◆ Short text fragments from websites
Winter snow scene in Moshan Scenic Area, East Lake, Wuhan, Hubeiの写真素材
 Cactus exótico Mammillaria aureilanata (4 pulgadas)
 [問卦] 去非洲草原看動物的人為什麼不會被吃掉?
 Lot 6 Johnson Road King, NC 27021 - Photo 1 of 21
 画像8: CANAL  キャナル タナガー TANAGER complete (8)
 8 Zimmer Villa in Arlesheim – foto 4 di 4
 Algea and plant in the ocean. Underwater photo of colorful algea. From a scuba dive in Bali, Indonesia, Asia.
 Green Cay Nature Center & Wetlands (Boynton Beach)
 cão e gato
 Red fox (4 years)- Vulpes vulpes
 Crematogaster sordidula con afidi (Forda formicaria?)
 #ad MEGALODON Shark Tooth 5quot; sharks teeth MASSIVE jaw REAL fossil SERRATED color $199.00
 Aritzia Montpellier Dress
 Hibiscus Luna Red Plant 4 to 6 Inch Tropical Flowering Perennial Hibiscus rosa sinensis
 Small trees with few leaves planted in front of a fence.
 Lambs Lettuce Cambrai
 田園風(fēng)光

◆ Task brief
Your task is to restate, word for word, the line with "Lot 6 Johnson" and all lines after it, ending with the last line of the data.

◆ Result for this task
 Lot 6 Johnson Road King, NC 27021 - Photo 1 of 21
 画像8: CANAL  キャナル タナガー TANAGER complete (8)
 8 Zimmer Villa in Arlesheim – foto 4 di 4
 Algea and plant in the ocean. Underwater photo of colorful algea. From a scuba dive in Bali, Indonesia, Asia.
 Green Cay Nature Center & Wetlands (Boynton Beach)
 cão e gato
 Red fox (4 years)- Vulpes vulpes
 Crematogaster sordidula con afidi (Forda formicaria?)
 #ad MEGALODON Shark Tooth 5quot; sharks teeth MASSIVE jaw REAL fossil SERRATED color $199.00
 Aritzia Montpellier Dress
 Hibiscus Luna Red Plant 4 to 6 Inch Tropical Flowering Perennial Hibiscus rosa sinensis
 Small trees with few leaves planted in front of a fence.
 Lambs Lettuce Cambrai
 田園風(fēng)光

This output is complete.